What to work on:
Count up the lines in the listing below that hold "Feet", and answer with the total alone.

Data:
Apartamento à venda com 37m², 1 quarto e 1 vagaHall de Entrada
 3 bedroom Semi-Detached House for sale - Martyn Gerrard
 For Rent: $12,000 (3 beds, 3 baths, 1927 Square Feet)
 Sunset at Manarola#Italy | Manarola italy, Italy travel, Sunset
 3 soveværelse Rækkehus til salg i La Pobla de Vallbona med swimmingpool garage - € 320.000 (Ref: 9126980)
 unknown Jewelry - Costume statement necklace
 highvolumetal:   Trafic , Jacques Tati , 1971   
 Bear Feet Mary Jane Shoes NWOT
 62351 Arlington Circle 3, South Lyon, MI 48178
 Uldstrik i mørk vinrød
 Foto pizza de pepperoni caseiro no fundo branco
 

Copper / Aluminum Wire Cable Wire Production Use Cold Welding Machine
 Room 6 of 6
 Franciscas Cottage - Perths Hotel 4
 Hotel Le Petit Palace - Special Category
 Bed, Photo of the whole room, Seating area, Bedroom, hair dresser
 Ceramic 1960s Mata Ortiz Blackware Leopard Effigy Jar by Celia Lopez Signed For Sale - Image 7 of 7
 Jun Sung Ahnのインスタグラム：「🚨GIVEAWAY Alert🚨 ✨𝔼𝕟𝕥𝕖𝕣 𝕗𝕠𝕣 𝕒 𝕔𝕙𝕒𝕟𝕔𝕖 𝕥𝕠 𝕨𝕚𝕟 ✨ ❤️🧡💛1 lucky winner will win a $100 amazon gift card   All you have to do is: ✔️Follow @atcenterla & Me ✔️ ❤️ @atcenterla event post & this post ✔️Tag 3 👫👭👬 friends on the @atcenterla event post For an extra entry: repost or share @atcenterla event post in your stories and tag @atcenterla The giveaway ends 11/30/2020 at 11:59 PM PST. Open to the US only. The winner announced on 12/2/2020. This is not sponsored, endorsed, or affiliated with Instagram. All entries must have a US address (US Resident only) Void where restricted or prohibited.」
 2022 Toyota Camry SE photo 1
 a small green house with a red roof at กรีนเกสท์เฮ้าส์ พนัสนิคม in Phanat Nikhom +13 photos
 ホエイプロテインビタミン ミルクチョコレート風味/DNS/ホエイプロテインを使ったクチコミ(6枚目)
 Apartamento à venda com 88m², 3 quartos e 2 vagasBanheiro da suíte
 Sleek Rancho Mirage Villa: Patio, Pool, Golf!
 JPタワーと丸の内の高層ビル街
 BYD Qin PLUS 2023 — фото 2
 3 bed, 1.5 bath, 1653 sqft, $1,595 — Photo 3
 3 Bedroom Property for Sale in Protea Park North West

Solution:
2